Published: 17 June 2009



Malignant gastric outlet obstruction (GOO) is commonly seen in patients with advanced gastric-, pancreatic-, duodenal, hepatobiliary or metastatic malignancies. Ten to 25% of patients with pancreatic cancer will develop duodenal obstruction during the course of the disease. Duodenal stenting with self-expandable metal stents is an alternative treatment to surgical bypass procedures. Our aim was to review the published literature regarding treatment of malignant GOO with stents to reveal whether the information provided is sufficient to evaluate the clinical effects of this treatment


A literature search from 2000 – 2007 was conducted in Pub Med, Embase, and Cochrane library, combining the following search terms: duodenal stent, malignant duodenal obstruction, gastric outlet obstruction, SEMS, and gastroenteroanastomosis.

All publications presenting data with ≥ 15 patients and only articles written in English were included and a review focusing on the following parameters were conducted: 1) The use of graded scoring systems evaluating clinical success; 2) Assessment of Quality of life (QoL) before and after treatment; 3) Information on stent-patency; 4) The use of objective criteria to evaluate the stent effect.

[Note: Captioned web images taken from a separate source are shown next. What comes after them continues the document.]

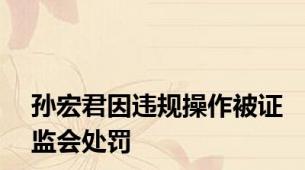 孙宏君因违规操作被证监会处罚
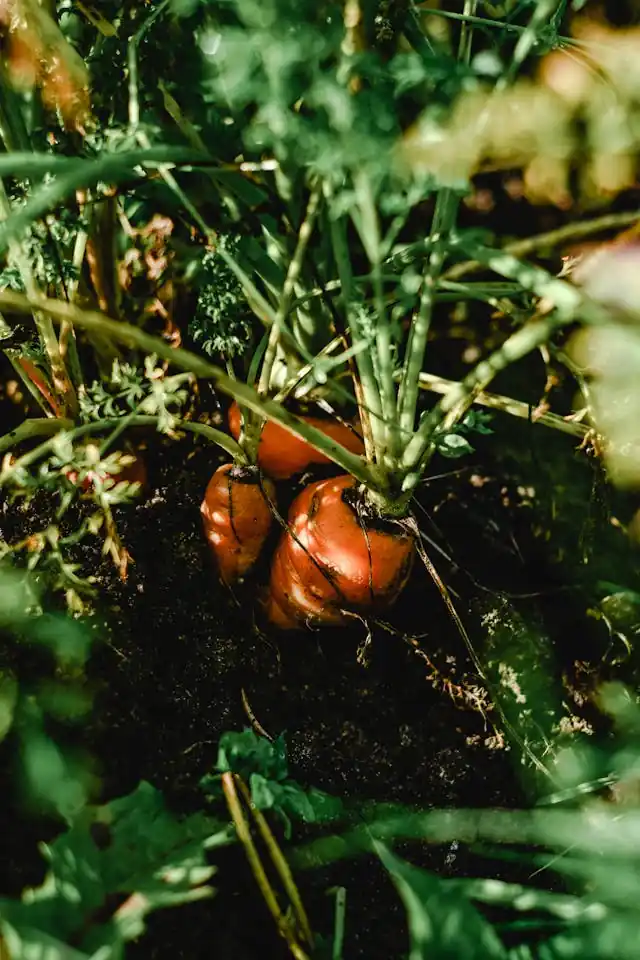 growing carrots in containers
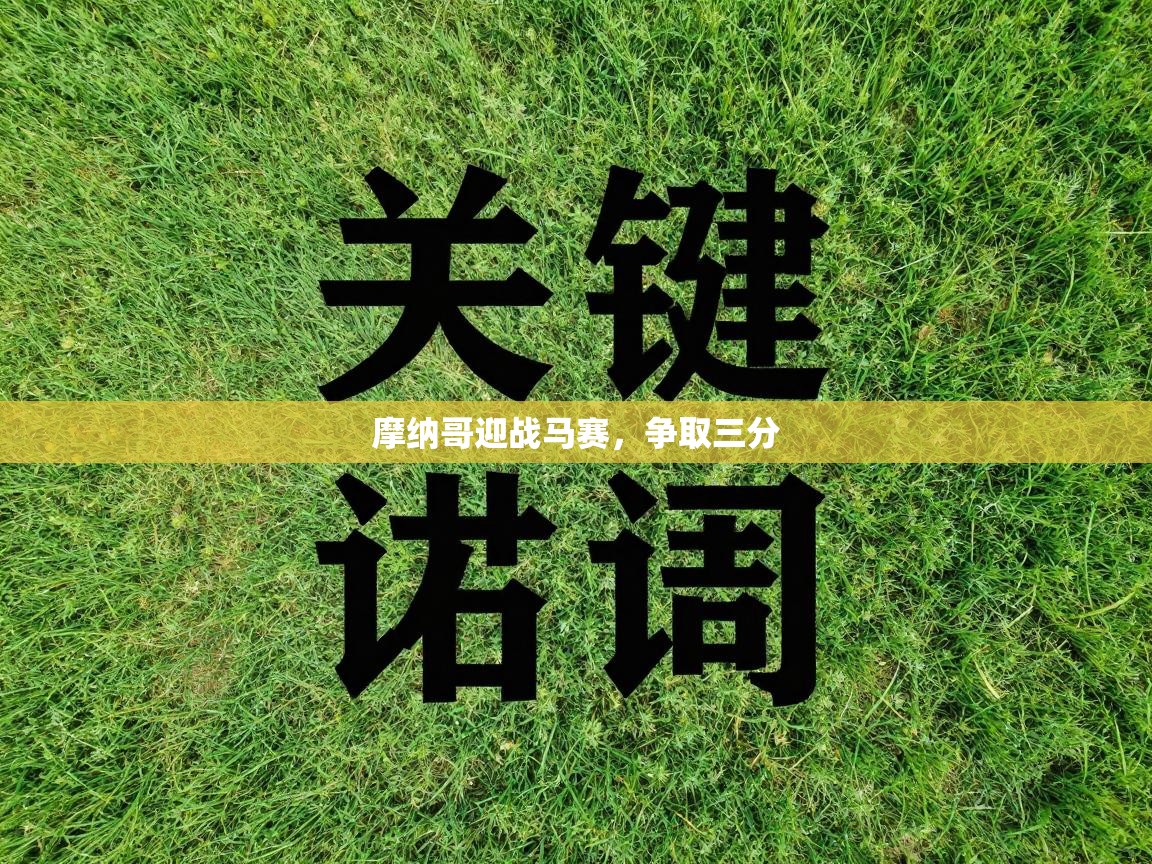开云体育英文版入口-摩纳哥迎战马赛，争取三分  第3张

41 original papers in English were found; no RCT's. 16 out of 41 studies used some sort of graded scoring system. No studies had objectively evaluated QoL before or after stent treatment, using standardized QoL-questionnaires, 32/41 studies reported on stent patency and 9/41 performed an oral contrast examination after stent placement. Objective quantitative tests of gastric emptying had not been performed.


Available reports do not provide sufficient relevant information of the clinical outcome of duodenal stenting. In future studies, these relevant issues should be addressed to allow improved evaluation of the effect of stent treatment.